2019 was the fiftieth anniversary of the moon landing, and a year in which science and the environment have been very much on the minds of people all around the world; and this double header of local organisations generating discussion, creative practice and thinking about the built and natural environment sparked an interest in expanding these two sets of expressions into a special issue of Axon. To extend the conversation even further, we invited scholars, essayists and poets to submit works on this broad topic, and have sandwiched these between the two sets of texts and images that sparked this issue.

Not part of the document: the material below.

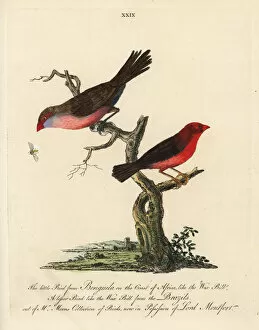 Loxia Collection: Unknown South African waxbill and Brazilian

Section 1, then, contains the works presented at the symposium that was held as part of the festival. These include essays, photo-essays and a poem by Dave Drayton. Fuller details are provided in the introduction by Rachael Coghlan, CEO + Artistic Director of Craft ACT: Craft + Design Centre.

Section 2 contains the works submitted in response to our call. Yvonne Blumer and Jenna Butler’s ‘Field Notes’ is an exploration of their connections to land, ecology and history; Cay Burton’s essay reports on how toddlers experience the natural environment; Martha Nance’s photo-essay is a very close look at the natural world; Sue Joseph’s account of her mother’s aging braids together theories of ecology with a personal story of loss; and Kateri Kramer explores her own experience of loss through textual and sketched reflections of a specific mountain. Eduardo de la Fuente offers a new – non-representational – approach to place management; Subhash Jaireth combines geology with creative expression in his consideration of maps of the Uluru region; Heidi Mae Niska and Julia Gard’s poem/photo collaboration addresses the question of focus; and Zac Hall’s photo-essay of fences speaks of being at home in the environment. Toby Fitch explores Chris Edwards’ ‘mistranslation’ of Mallarmé’s Un Coup de Des; Holly Iglesias’ sequence of prose poems touches on art, history, truth; Sally Younger considers the presence of geometry in the built environment, through a short photo-essay; and Ronnie Scott similarly investigates living in the built environment, through a sequence of photos of neighbourhood cats. The final set of works begins with Kevin Brophy’s subtle poems of place; Smiljana Glisovic explores the interweaving of visual art, writing and the body; and we end with three works that connect the environment, the individual, and space: a conversation between Sam Byrnand and Ursula K Frederick, with Macdonald Nichols; a photo essay by Frederick and Nichols; and finally a suite of poems by Adrian Caesar.

Finally, Section 3, which is introduced by Not Very Quiet editors Sandra Renew and Moya Pacey. It contains the sixteen poems presented at the event, along with brief introductions offered by the scholars who read them that evening. The readers are scientists, doctoral candidates and researchers based at Canberra universities; the poets are from Australia, Japan, Israel, the UK and the USA. Both groups seemed to find a common language, or at least a common affect, in engaging with the issue of science, and women, and poetic expression.

Across each section are examples of individual scholars, artists or poets thinking/working/making and expanding the possibilities of creative exploration. Across each section too are examples of collaborations between two or three scholars, artists, poets, who between them demonstrate the affordance of creative and sometimes interdisciplinary production. In each case, solitary or collaborative, the shimmer of meaning and possibility is present.

Our thanks to DESIGN Canberra and Not Very Quiet; to Smith’s Alternative for hosting the poetry evening; to the authors and artists whose work is published here; to the reviewers who read and provided feedback on each essay; to Paul Munden, who built the issue and uploaded it to the website; and to the Centre for Creative and Cultural Research at the University of Canberra, for providing support and infrastructure.